Please reproduce exactly the lines from the start of the records through the one containing "Red Banarasi Anarkali", and nothing more.

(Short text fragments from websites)
/---
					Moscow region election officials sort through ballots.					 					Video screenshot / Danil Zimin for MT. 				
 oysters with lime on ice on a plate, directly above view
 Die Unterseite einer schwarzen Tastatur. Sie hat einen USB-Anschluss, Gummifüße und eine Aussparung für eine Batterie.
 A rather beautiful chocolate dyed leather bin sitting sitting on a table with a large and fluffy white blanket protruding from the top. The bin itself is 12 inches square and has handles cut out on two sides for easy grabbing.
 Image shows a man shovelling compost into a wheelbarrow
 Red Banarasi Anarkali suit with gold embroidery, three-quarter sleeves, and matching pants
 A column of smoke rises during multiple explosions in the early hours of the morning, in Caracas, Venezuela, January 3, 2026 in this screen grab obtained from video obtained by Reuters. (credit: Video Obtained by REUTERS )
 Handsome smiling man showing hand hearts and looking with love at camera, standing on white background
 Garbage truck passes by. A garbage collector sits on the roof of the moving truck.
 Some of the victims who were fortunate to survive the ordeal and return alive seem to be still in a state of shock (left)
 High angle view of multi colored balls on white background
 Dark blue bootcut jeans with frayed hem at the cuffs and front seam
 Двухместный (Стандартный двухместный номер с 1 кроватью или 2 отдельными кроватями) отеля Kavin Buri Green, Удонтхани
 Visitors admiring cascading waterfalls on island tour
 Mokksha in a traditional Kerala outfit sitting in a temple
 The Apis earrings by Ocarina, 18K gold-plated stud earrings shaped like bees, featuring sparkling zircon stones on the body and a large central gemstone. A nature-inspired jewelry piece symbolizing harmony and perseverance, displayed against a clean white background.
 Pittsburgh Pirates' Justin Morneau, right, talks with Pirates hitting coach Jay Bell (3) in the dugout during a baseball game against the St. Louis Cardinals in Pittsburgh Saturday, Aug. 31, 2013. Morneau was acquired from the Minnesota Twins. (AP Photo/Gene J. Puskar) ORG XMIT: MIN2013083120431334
\---
EXERCISE RESPONSE:
					Moscow region election officials sort through ballots.					 					Video screenshot / Danil Zimin for MT. 				
 oysters with lime on ice on a plate, directly above view
 Die Unterseite einer schwarzen Tastatur. Sie hat einen USB-Anschluss, Gummifüße und eine Aussparung für eine Batterie.
 A rather beautiful chocolate dyed leather bin sitting sitting on a table with a large and fluffy white blanket protruding from the top. The bin itself is 12 inches square and has handles cut out on two sides for easy grabbing.
 Image shows a man shovelling compost into a wheelbarrow
 Red Banarasi Anarkali suit with gold embroidery, three-quarter sleeves, and matching pants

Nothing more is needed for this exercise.